*What you are asked to do:* Give all of the records again precisely, excluding whatever pictures they contain.

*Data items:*
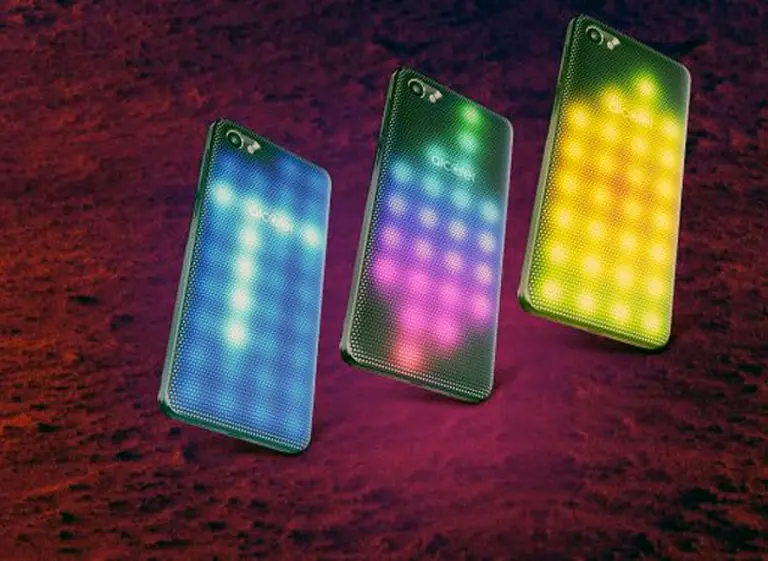 Alcatel A5, un móvil con carcasa LED que se ilumina con las notificaciones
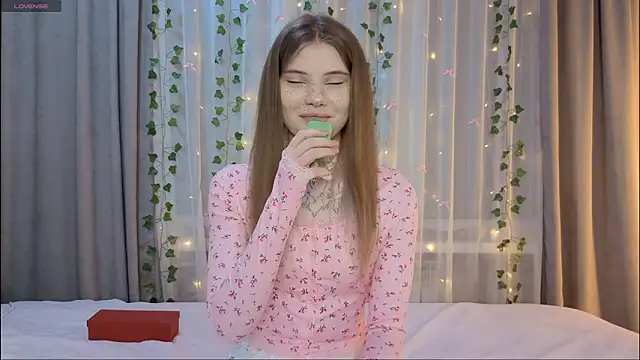 CarolinePepper online show from February 26, 2:16 pm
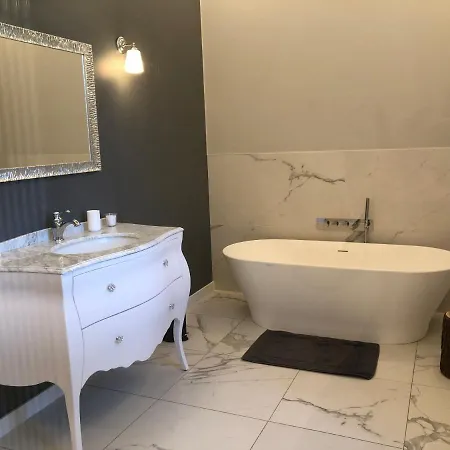 Domaine De La Mazure 4*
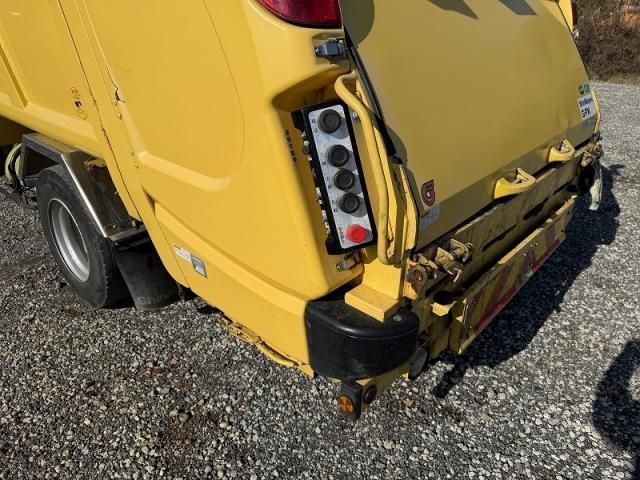 MITSUBISHI CANTER 2018 Image 31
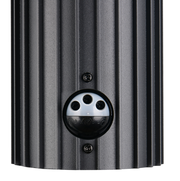 Detailansicht einer schwarzen Aussenwandleuchte mit geriffelter Oberfläche und Sensor.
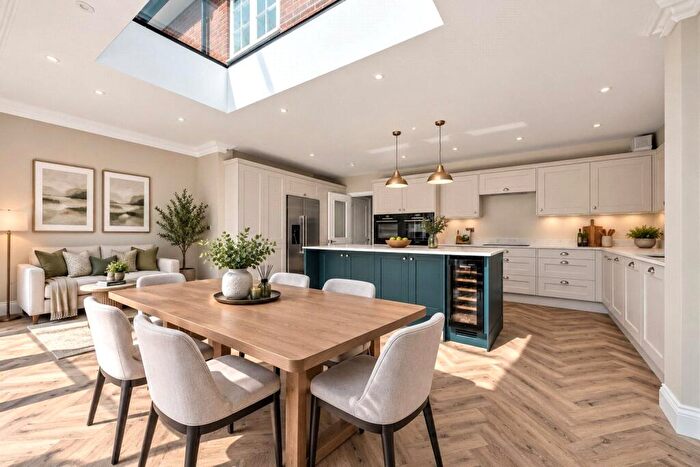 4 Bedroom Terraced House To Rent In Oatlands Drive, Weybridge, KT13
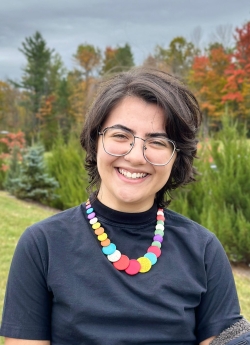 headshot photo of alice oliveira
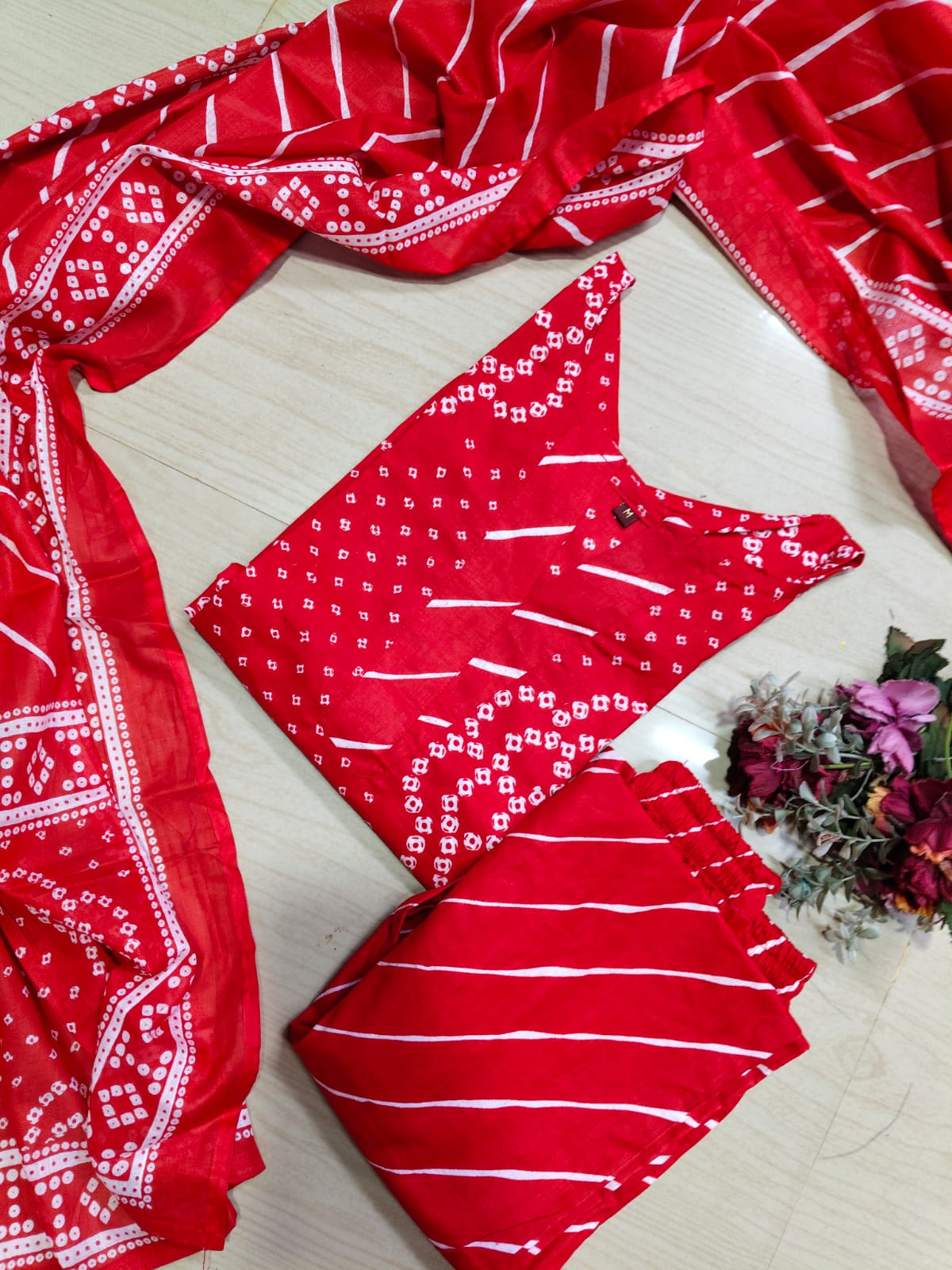 Petals Dupatta Sets  FDS261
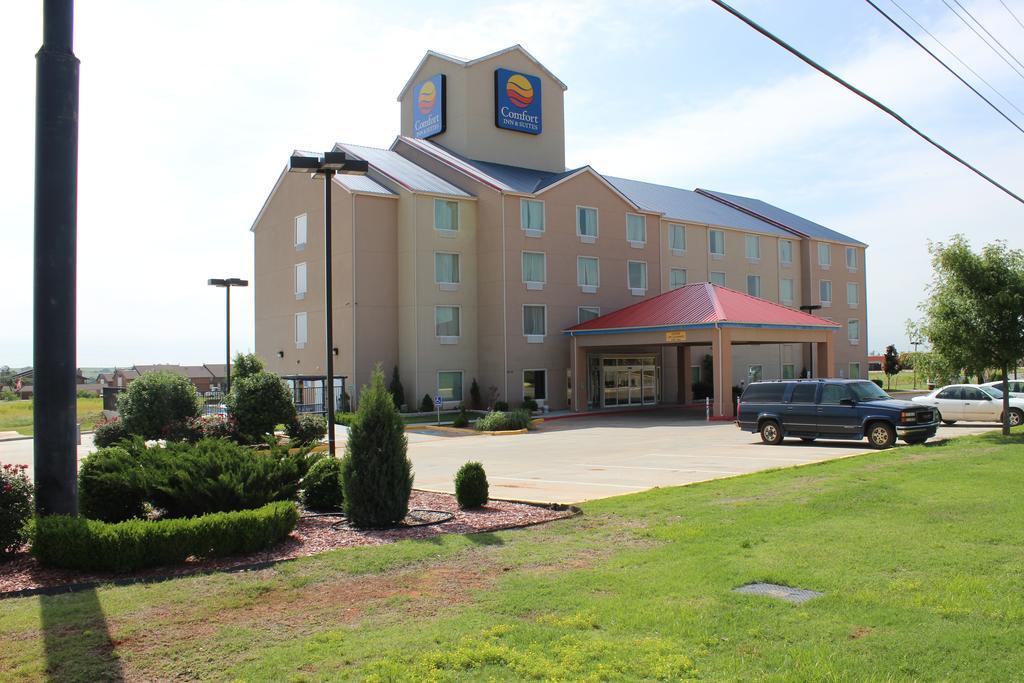 Comfort Inn & Suites Elk City Exterior photo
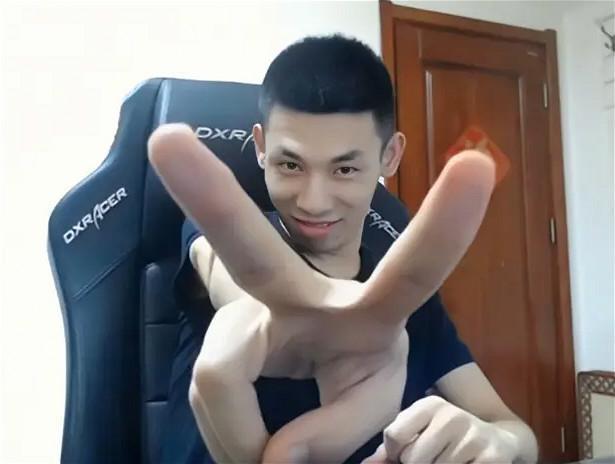 dnf:旭旭宝宝再谈"自恋狂",已经多年未联系,不知现状怎么样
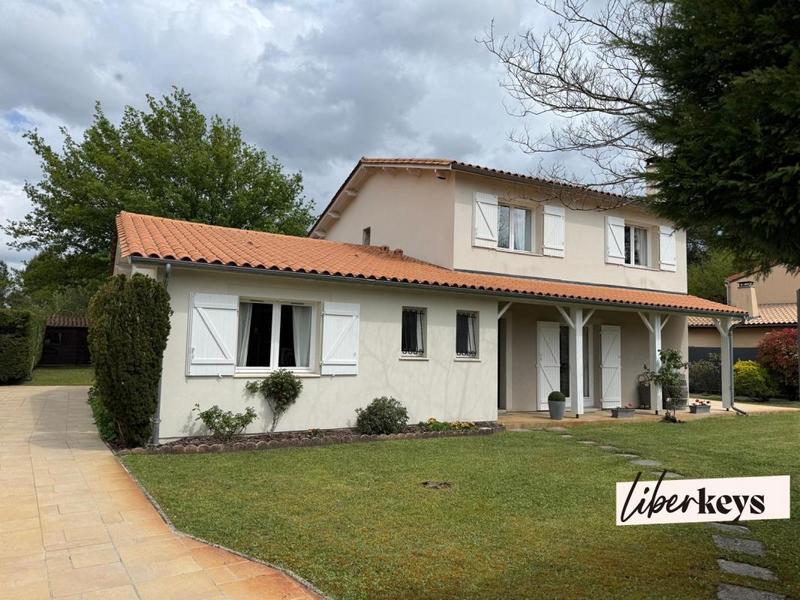 Villa - 173 m² - 7 pièces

*Output below:*
 Alcatel A5, un móvil con carcasa LED que se ilumina con las notificaciones
 CarolinePepper online show from February 26, 2:16 pm
 Domaine De La Mazure 4*
 MITSUBISHI CANTER 2018 Image 31
 Detailansicht einer schwarzen Aussenwandleuchte mit geriffelter Oberfläche und Sensor.
 4 Bedroom Terraced House To Rent In Oatlands Drive, Weybridge, KT13
 headshot photo of alice oliveira
 Petals Dupatta Sets  FDS261
 Comfort Inn & Suites Elk City Exterior photo
 dnf:旭旭宝宝再谈"自恋狂",已经多年未联系,不知现状怎么样
 Villa - 173 m² - 7 pièces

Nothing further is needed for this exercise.